337. House Robber III

The thief has found himself a new place for his thievery again. There is only one entrance to this area, called the "root." Besides the root, each house has one and only one parent house. After a tour, the smart thief realized that "all houses in this place forms a binary tree". It will automatically contact the police if two directly-linked houses were broken into on the same night.
Determine the maximum amount of money the thief can rob tonight without alerting the police.
Example 1:

     3
    / \
   2   3
    \   \ 
     3   1

Maximum amount of money the thief can rob = 3 + 3 + 1 = 7.
Example 2:

     3
    / \
   4   5
  / \   \ 
 1   3   1

Maximum amount of money the thief can rob = 4 + 5 = 9.

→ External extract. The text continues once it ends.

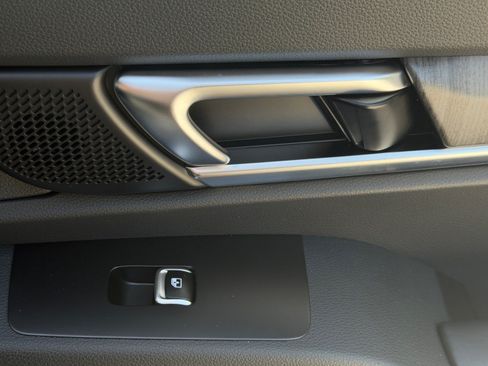 Used 2025 Kia Telluride SX w/ SX Captain's Chair Package FWD image 16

Solution：[DP思想] 递归 Post-order 分治 Bottom-up向上传递

思路：
DP思路和 198. House Robber 思路一样
实现：分治左右树，分别得到左/右子树 的 含cur_max/不含prev_max 相邻结点的 最大值，在当前结点Conquer计算出新的含本结点cur_max(上一层不能有相邻的，只能用left/right.prev)和prev_max(没相邻orNot限制，选前面最大的就行）
Time Complexity: O(N) Space Complexity: O(1)

Solution Code：

class Solution {
    class Result {  
        int cur_max;
        int prev_max;
        Result(int cur_max, int prev_max) {
            this.cur_max = cur_max;
            this.prev_max = prev_max;
        }
    }
    
    public int rob(TreeNode root) {
        Result result = dfsHelper(root);
        return Math.max(result.cur_max, result.prev_max);
    }
    
    private Result dfsHelper(TreeNode node) {
        if(node == null) return new Result(0, 0);
        Result left = dfsHelper(node.left);
        Result right = dfsHelper(node.right);
    
        // consider this one
        int cur_max = left.prev_max + right.prev_max + node.val; 
        // if including negative case
        // int cur_max = Math.max(left.prev_max + right.prev_max, Math.max(left.prev_max, right.prev_max)) + node.val;  
                       
        // don't consider this one
        int prev_max = Math.max(left.cur_max, left.prev_max) + Math.max(right.cur_max, right.prev_max); 
        
        Result result = new Result(cur_max, prev_max);
        return result;
    }
}